— Work request —
Give the records again exactly, but drop the pictures.

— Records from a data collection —
--

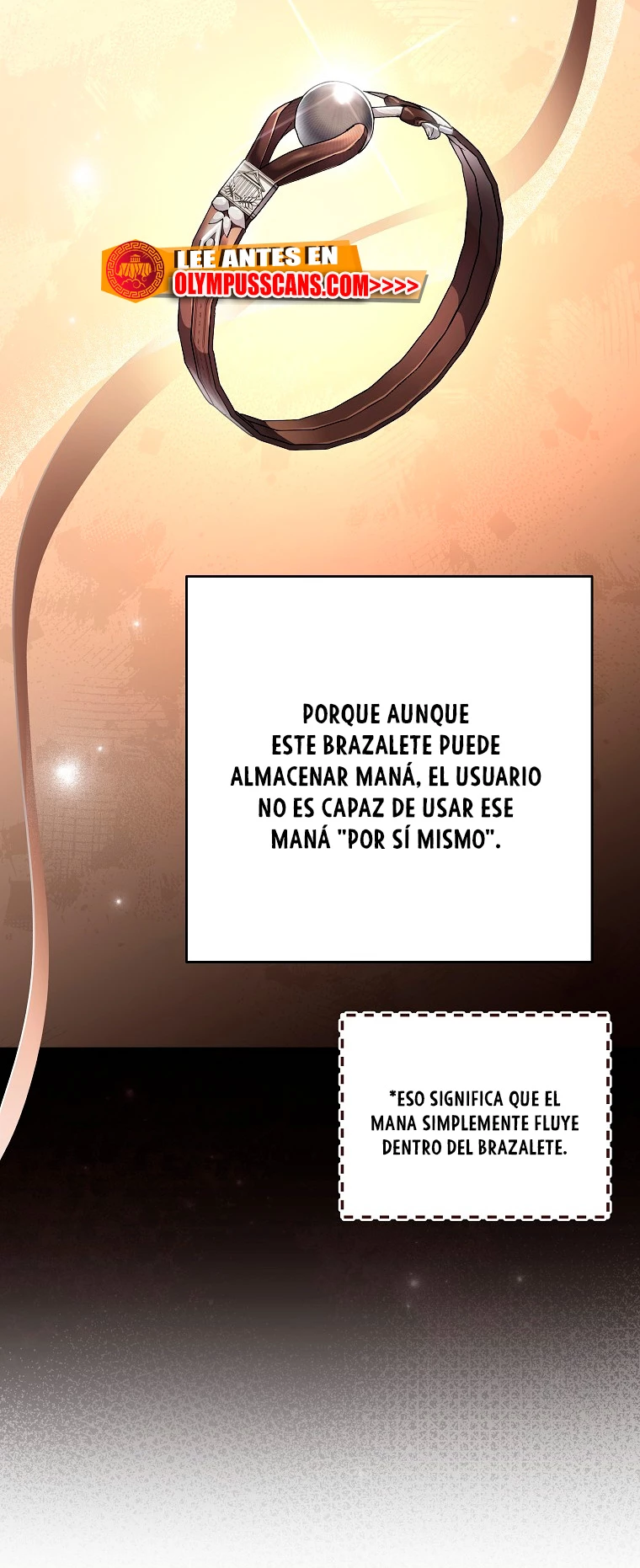 El extra de la novela (remake) Capitulo 65 página 49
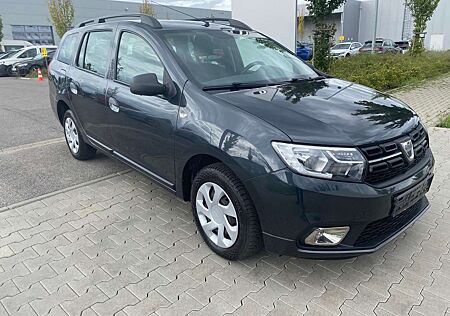 Dacia Logan TCE 90 Essential MCV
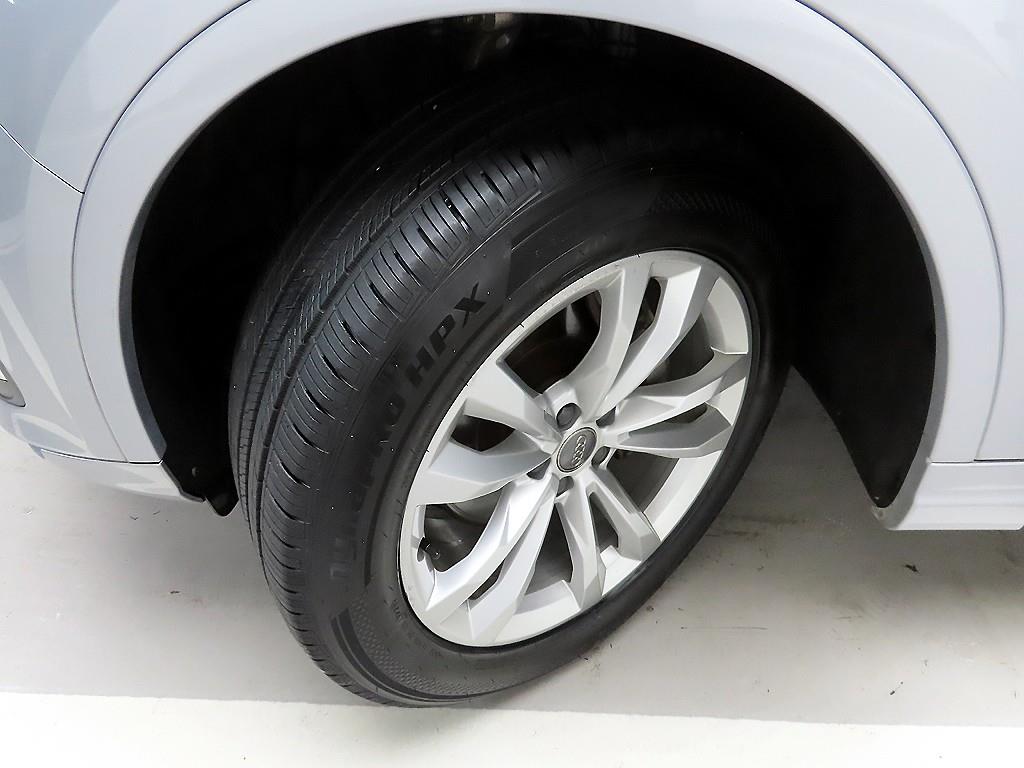 Audi Q7 2019 - Importación desde Corea - HF Imports Iquique - Foto 19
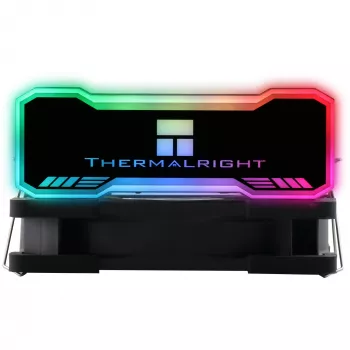 Ψύκτρα Thermalright Μαύρο EAGLE (419463)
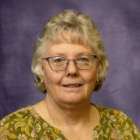 Lyllia McGlochlin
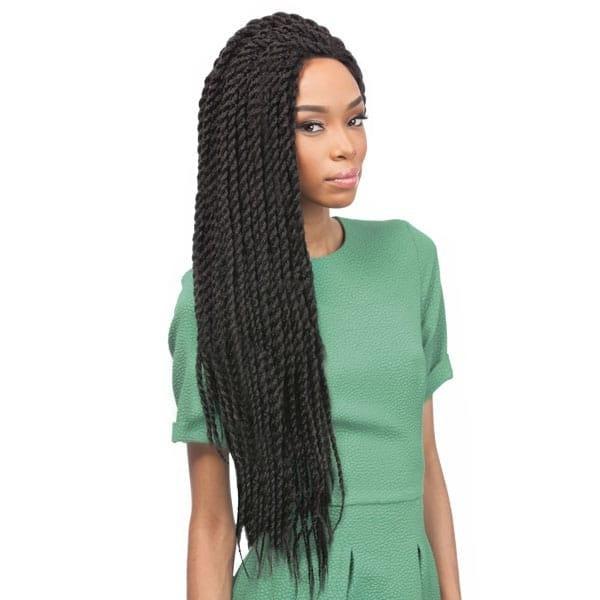 Outre X-Pression Braid - Senegalese Twist Large 18 Inches - Beauty Empire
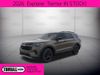 2026 Ford Explorer Tremor | Tomball, TX | Ask Jorge Lopez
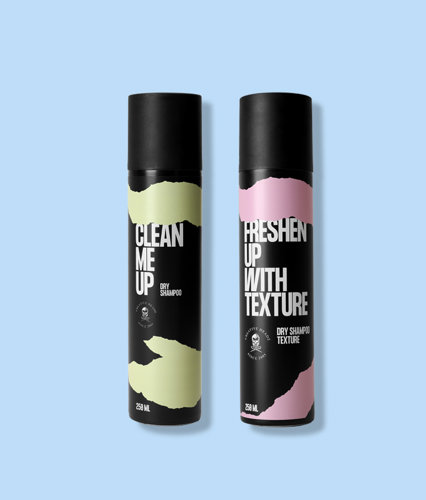 Dry Shampoo
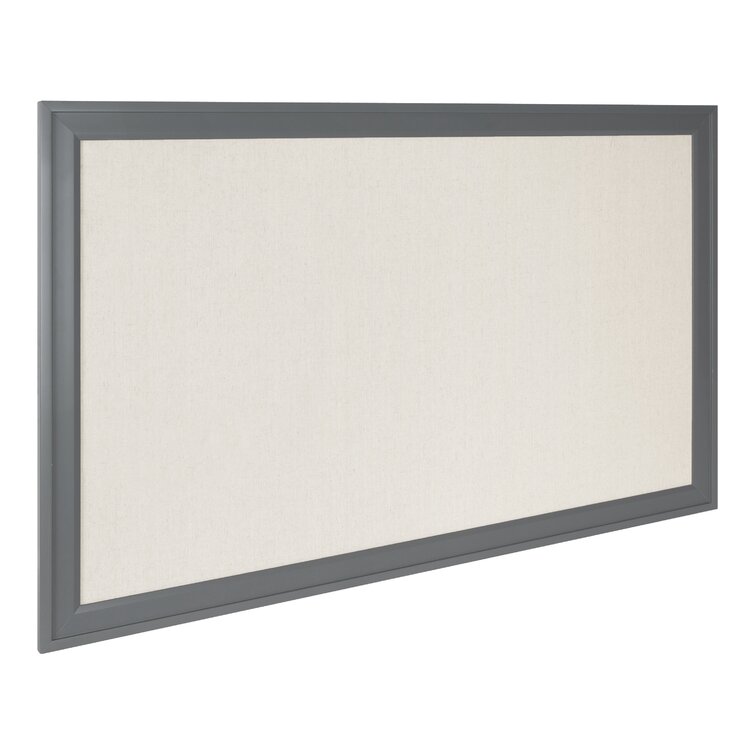 DSOV Bosc Fabric Bulletin Board & Reviews - Wayfair Canada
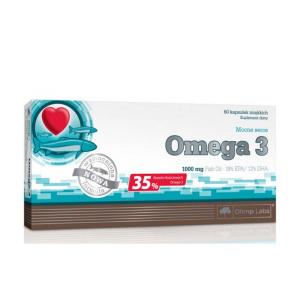 olimp labs - omega 3 35% - ომეგა 3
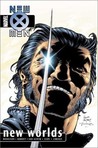 New X-Men, Vol. 3: New Worlds
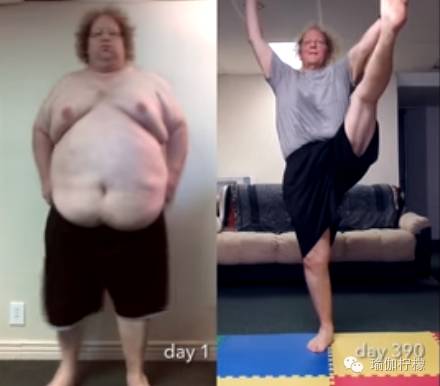 这些震撼人心的瑜伽奇迹，都是他创造的！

--

— Task solution —
 El extra de la novela (remake) Capitulo 65 página 49
 Dacia Logan TCE 90 Essential MCV
 Audi Q7 2019 - Importación desde Corea - HF Imports Iquique - Foto 19
 Ψύκτρα Thermalright Μαύρο EAGLE (419463)
 Lyllia McGlochlin
 Outre X-Pression Braid - Senegalese Twist Large 18 Inches - Beauty Empire
 2026 Ford Explorer Tremor | Tomball, TX | Ask Jorge Lopez
 Dry Shampoo
 DSOV Bosc Fabric Bulletin Board & Reviews - Wayfair Canada
 olimp labs - omega 3 35% - ომეგა 3
 New X-Men, Vol. 3: New Worlds
 这些震撼人心的瑜伽奇迹，都是他创造的！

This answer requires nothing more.